Seeing as i didn't have much money to spend on it i bought this. 

BOSS AUDIO SYSTEMS | ENTERTAIN YOURSELF

Well after taking everything apart to check out everything i see i need a dash kit, which i knew that already. So after looking i see what i need is 

Newegg.com - Metra 99-7414 00-06 Nissan Sentra Installation Kit

This will allow the top and bottom to fit, but my one concern here is how to attach the stereo here. The screw holes on the stereo are much smaller compared to the screws on the side of the metal supports. Not to mention on the side of the stereo the holes are at the top on one side and the bottom on the other. Pics below.


----------



## smj999smj (Jan 1, 2006)

Haven't seen a setup like that. I think you should've shopped at Crutchfield.com!


----------



## mike2541 (Aug 23, 2011)

smj999smj said:


> Haven't seen a setup like that. I think you should've shopped at Crutchfield.com!

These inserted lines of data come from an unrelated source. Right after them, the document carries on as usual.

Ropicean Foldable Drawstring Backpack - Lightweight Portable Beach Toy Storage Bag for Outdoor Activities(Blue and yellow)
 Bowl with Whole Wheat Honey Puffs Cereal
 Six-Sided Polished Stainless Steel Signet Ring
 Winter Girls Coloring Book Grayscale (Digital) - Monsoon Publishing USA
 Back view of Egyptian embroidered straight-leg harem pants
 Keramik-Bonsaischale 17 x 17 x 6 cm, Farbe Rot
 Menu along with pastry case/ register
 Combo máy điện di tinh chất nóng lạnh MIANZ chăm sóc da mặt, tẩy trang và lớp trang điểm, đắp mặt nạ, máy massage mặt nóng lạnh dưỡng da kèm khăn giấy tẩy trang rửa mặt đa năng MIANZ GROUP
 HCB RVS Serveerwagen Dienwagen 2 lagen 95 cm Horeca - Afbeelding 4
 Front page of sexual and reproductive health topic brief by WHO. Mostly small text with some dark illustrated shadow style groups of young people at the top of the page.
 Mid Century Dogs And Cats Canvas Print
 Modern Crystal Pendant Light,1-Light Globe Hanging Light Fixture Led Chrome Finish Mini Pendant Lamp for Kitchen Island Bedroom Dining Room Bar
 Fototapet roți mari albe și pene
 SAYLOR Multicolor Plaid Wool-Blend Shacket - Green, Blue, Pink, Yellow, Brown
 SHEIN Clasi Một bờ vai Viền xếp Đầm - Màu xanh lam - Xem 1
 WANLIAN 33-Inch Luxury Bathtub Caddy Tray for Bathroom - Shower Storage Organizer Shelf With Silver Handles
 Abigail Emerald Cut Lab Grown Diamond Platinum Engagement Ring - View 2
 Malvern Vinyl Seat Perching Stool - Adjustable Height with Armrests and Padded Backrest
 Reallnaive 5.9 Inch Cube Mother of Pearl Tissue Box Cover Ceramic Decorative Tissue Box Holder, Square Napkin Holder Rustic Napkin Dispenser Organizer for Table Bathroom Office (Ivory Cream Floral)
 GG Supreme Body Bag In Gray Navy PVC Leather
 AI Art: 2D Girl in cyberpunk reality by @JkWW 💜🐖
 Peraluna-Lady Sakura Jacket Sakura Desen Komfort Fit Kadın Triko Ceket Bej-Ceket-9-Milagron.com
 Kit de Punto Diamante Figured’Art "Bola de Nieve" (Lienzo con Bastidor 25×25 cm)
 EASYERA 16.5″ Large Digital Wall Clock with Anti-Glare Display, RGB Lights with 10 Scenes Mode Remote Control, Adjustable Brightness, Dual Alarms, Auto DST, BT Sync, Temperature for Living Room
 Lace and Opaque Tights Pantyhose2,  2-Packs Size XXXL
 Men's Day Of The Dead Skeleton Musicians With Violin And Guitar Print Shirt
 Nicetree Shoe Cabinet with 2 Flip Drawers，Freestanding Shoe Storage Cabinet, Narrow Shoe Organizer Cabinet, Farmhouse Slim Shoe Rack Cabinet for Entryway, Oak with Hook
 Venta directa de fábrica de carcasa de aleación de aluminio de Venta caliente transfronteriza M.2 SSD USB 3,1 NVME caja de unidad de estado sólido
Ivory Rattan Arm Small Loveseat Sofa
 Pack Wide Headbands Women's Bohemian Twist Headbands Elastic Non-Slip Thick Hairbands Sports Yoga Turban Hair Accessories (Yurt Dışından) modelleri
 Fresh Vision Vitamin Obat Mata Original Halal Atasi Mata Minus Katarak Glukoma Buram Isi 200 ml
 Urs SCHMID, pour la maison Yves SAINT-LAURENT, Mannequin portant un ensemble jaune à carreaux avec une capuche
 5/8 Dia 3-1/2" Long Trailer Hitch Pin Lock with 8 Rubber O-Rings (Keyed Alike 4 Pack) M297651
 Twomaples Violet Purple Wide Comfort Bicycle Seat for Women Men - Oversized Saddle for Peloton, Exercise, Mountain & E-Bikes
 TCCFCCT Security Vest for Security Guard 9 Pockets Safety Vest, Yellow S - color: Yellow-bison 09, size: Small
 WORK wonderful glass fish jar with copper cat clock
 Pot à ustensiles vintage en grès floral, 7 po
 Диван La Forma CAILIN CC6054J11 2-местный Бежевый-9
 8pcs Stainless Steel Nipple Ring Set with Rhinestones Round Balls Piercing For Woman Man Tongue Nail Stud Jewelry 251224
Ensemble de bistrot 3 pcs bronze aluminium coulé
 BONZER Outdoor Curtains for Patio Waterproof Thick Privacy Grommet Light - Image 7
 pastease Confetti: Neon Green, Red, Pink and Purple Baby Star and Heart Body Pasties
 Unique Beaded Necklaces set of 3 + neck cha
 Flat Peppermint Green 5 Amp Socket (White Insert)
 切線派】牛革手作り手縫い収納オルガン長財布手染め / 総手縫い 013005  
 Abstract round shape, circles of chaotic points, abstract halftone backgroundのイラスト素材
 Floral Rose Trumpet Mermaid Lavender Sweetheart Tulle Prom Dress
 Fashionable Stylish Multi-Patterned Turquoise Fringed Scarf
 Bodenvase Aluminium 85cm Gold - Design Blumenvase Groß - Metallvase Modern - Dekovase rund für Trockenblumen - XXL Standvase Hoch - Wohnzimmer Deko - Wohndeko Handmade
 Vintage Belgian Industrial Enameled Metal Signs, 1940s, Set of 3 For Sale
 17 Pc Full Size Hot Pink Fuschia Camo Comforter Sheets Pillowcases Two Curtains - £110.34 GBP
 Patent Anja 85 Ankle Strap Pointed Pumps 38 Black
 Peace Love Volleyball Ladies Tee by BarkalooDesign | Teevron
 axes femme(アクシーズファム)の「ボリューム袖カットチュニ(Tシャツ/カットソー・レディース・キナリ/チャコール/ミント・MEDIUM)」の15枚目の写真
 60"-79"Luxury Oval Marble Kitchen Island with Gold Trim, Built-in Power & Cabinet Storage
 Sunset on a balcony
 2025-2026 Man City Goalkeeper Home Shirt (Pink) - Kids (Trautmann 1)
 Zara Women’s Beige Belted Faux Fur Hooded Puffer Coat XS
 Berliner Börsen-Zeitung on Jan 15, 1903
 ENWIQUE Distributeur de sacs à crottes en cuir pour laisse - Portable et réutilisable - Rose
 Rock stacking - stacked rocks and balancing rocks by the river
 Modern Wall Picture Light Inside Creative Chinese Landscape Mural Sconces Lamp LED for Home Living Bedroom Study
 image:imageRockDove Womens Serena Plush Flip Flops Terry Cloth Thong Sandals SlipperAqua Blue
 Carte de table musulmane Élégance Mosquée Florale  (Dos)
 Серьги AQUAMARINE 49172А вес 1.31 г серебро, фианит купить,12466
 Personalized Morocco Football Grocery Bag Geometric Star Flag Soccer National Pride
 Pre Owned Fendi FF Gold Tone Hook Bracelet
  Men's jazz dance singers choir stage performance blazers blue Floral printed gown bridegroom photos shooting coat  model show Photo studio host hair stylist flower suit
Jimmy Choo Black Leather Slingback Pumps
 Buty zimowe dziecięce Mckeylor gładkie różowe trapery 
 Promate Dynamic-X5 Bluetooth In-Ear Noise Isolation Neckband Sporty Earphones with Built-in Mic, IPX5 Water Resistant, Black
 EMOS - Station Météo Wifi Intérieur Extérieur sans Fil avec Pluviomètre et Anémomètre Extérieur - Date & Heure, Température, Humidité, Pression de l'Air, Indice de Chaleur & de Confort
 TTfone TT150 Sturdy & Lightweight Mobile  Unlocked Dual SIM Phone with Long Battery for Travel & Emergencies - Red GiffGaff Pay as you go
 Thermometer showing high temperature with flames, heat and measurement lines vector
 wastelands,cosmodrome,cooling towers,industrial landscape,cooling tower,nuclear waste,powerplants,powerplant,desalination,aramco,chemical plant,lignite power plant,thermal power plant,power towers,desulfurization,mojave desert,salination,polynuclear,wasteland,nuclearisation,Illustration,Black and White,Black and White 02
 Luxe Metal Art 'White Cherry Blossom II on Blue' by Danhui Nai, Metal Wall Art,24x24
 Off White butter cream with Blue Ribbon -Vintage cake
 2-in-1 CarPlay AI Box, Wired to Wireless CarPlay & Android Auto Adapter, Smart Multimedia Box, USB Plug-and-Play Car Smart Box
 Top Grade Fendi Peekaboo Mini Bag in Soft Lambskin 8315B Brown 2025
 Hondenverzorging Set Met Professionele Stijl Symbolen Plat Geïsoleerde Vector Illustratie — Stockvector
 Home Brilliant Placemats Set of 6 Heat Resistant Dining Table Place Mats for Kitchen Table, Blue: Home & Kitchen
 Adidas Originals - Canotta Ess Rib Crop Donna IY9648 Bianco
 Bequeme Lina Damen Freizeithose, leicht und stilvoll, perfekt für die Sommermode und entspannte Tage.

just for the record the metal bracket looking thing is what the old cd player was attached to. so even shopping there all that wld of changed was the cd player. u look there for the 2000 nissan sentra. it will give u the kit (already ordered being shipped) still doesn't help attaching the radio to the sides unless I would of bought a different radio and even then I dont believe the holes are that big for the side support screws on the STOCK SUPPORRT BRACKET.


----------